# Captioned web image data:
········
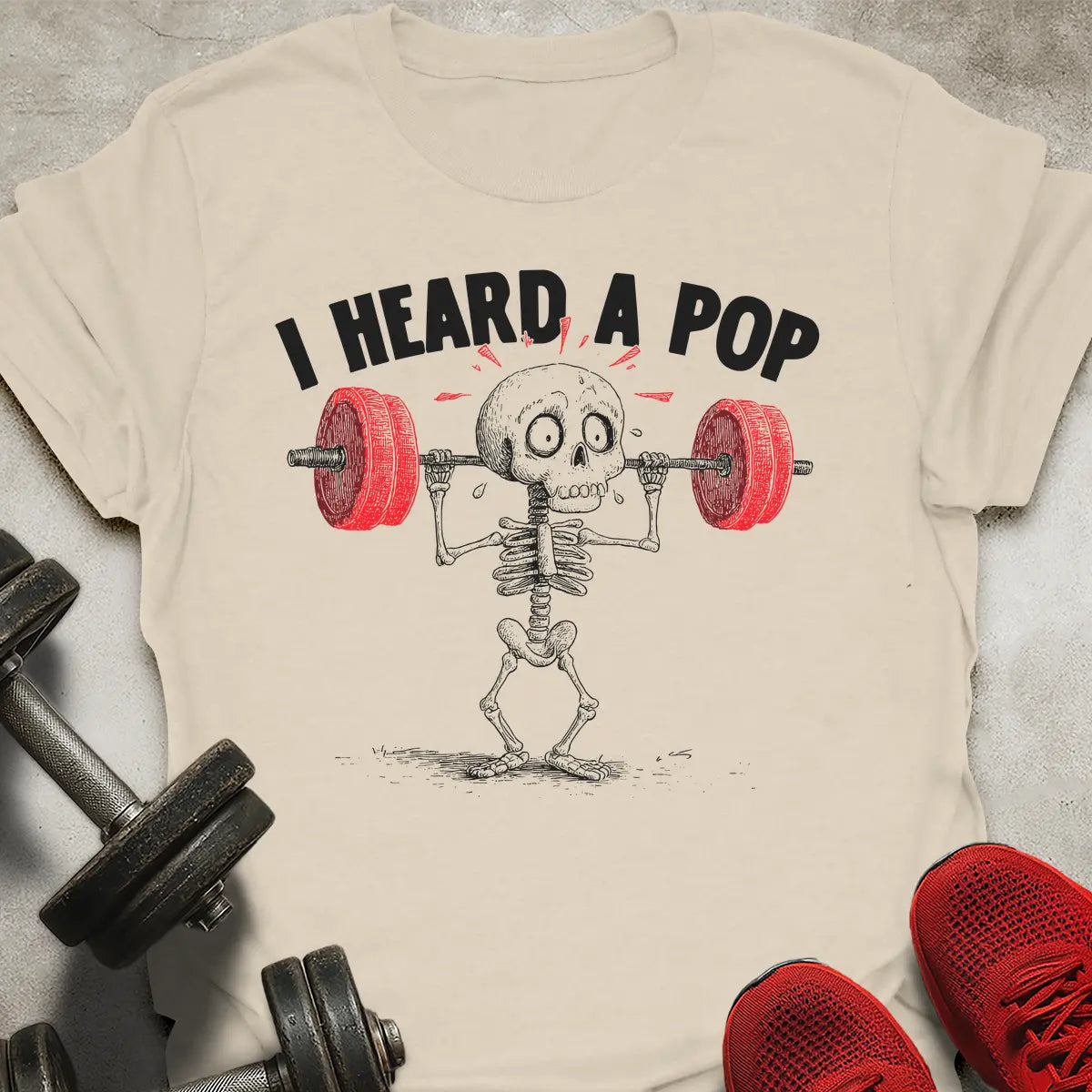 Heard A Pop T-Shirt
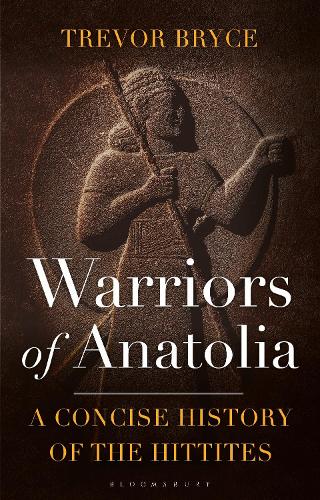 Warriors of Anatolia: A Concise History of the Hittites.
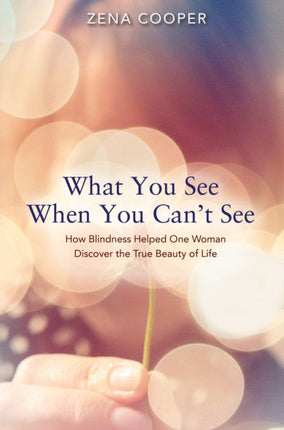 What You See When You Cant See How Blindness Helped One Woman Discover the True Beauty of Life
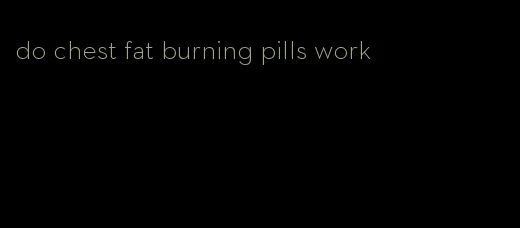 do chest fat burning pills work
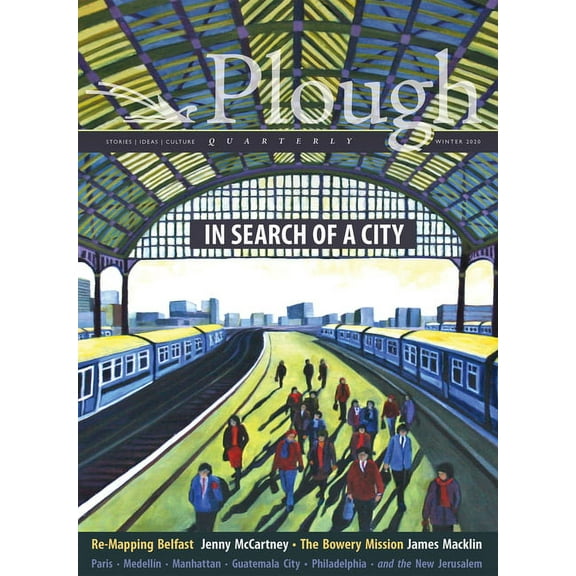 Plough Quarterly Plough Quarterly No. 23 - In Search of a City, Book 23, (Paperback)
········
# What to do:
Leave the pictures aside and transcribe only the lines from the one holding "Warriors of Anatolia: A" through the final line of the records above.

# Task answer:
 Warriors of Anatolia: A Concise History of the Hittites.
 What You See When You Cant See How Blindness Helped One Woman Discover the True Beauty of Life
 do chest fat burning pills work
 Plough Quarterly Plough Quarterly No. 23 - In Search of a City, Book 23, (Paperback)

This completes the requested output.